Proprio le sue ultime parole ne sono una testimonianza: «Nessuna pace è possibile senza un vero disarmo». Questo principio, scolpito nella sua dottrina sociale, ha rappresentato il fulcro del suo messaggio pasquale e può essere considerato il pilastro della sua visione. Papa Francesco ha messo in evidenza che il disarmo non è solo una necessità politica, ma un vero e proprio imperativo morale che deve guidare le scelte globali, abbattendo le barriere che dividono i popoli e che alimentano le ingiustizie. È un messaggio potente, radicale nella sua semplicità, lontano dalle logiche imperanti di cui respiriamo i tratti ogni giorno.

In un’epoca di conflitti e divisioni, Papa Francesco è stato un baluardo contro la violenza e l’indifferenza. Ha ribadito che la pace non è solo un ideale, ma una responsabilità concreta che richiede impegno costante. Per lui – e questo è un punto decisivo – la guerra non era un fenomeno inevitabile, come traspare da certe posizioni influenti.

Al contrario, Papa Francesco ha denunciato l’ipocrisia delle strategie militari, la violenza che inevitabilmente porta con sé ogni conflitto e ha parlato con insistenza di una Terza guerra mondiale già in corso, combattuta “a pezzi”, mettendo in discussione anche le scelte geopolitiche dell’Occidente, il ruolo delle grandi potenze e persino le contraddizioni interne della Chiesa stessa. Si consideri, come esempio, la dichiarazione netta, contenuta sempre nel suo ultimo messaggio, che descrive la realtà attuale nella Striscia di Gaza: «La situazione umanitaria è ignobile».

Papa Francesco è stato un custode della pace nel senso più concreto del termine. Non si è limitato alle parole: ha agito e ha denunciato. Speranza, fiducia, solidarietà e apertura: sono principi che hanno segnato le sue azioni e che, al di là della fede, hanno coinvolto un numero enorme di persone. Per questo, la sua eredità non appartiene solo ai credenti, ma a chiunque abbia visto nelle sue parole un faro di umanità.

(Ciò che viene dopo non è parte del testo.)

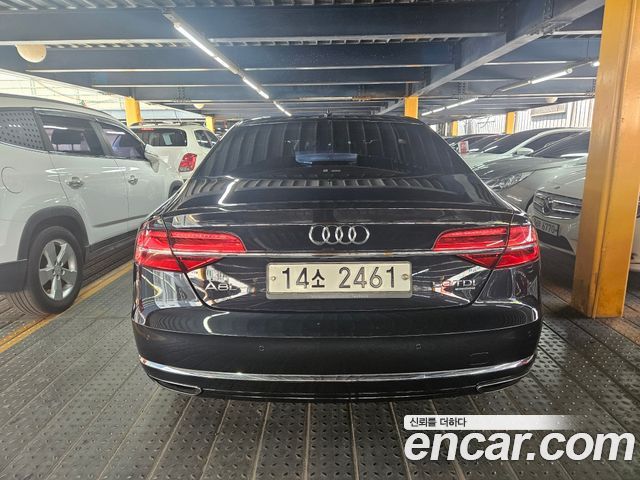 Audi A8 2015 — photo 5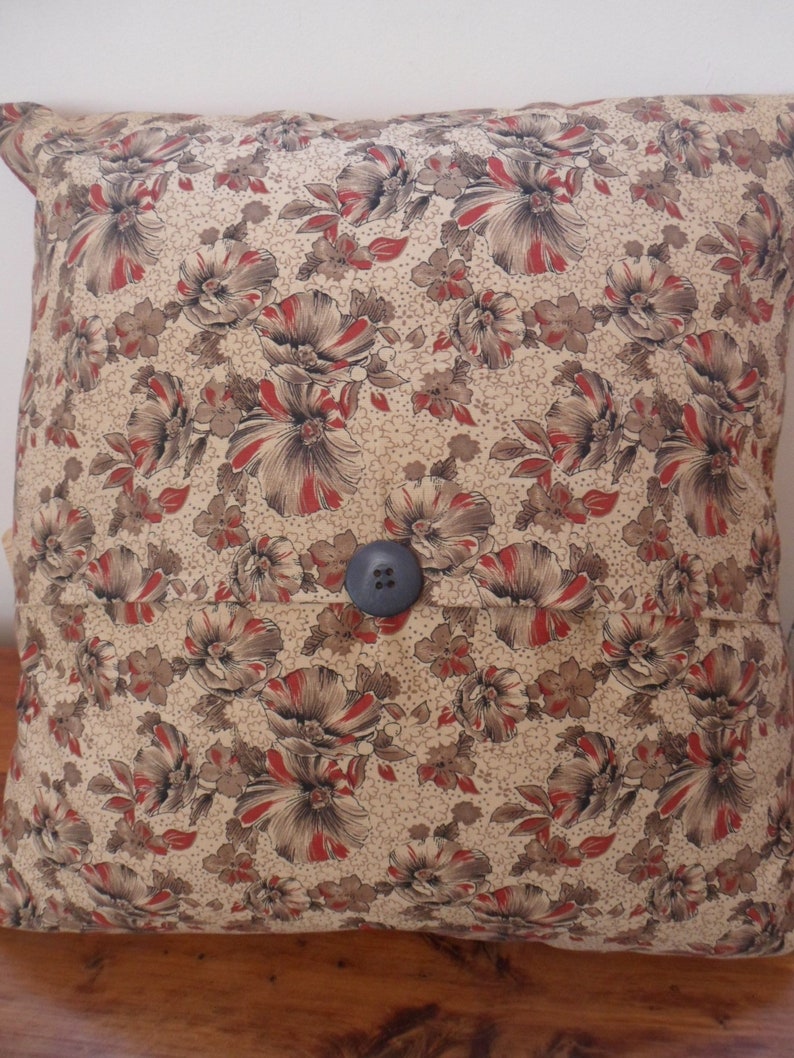 Handmade Embroidered CHRISTMAS COW in WREATH 15 Square Accent Throw Pillow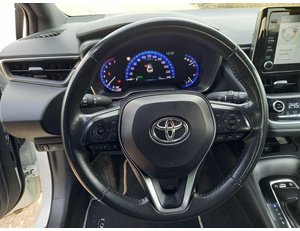 
										TOYOTA COROLLA 1.8 125H ACTIVE TECH E-CVT full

Così, si nota facilmente come la sua morte coinvolga chi abbia riconosciuto la forza del suo insegnamento.

Ancora, Papa Francesco ha mostrato a più riprese la sua idea di Chiesa, un’istituzione che deve abbandonare ogni paura di compromettersi con la realtà, che sceglie di stare accanto agli ultimi e che, nel farlo, rifiuta ogni compromesso con le logiche di potere che tradiscono la sua missione originaria.

La sua scomparsa solleva una questione fondamentale: il suo lascito continuerà a mantenere intatta la sua portata etica e il suo costante appello alla giustizia, oppure il suo messaggio finirà per essere gradualmente attenuato, trasformato secondo interessi politici ed economici che rischiano di snaturarlo nella sua radicalità?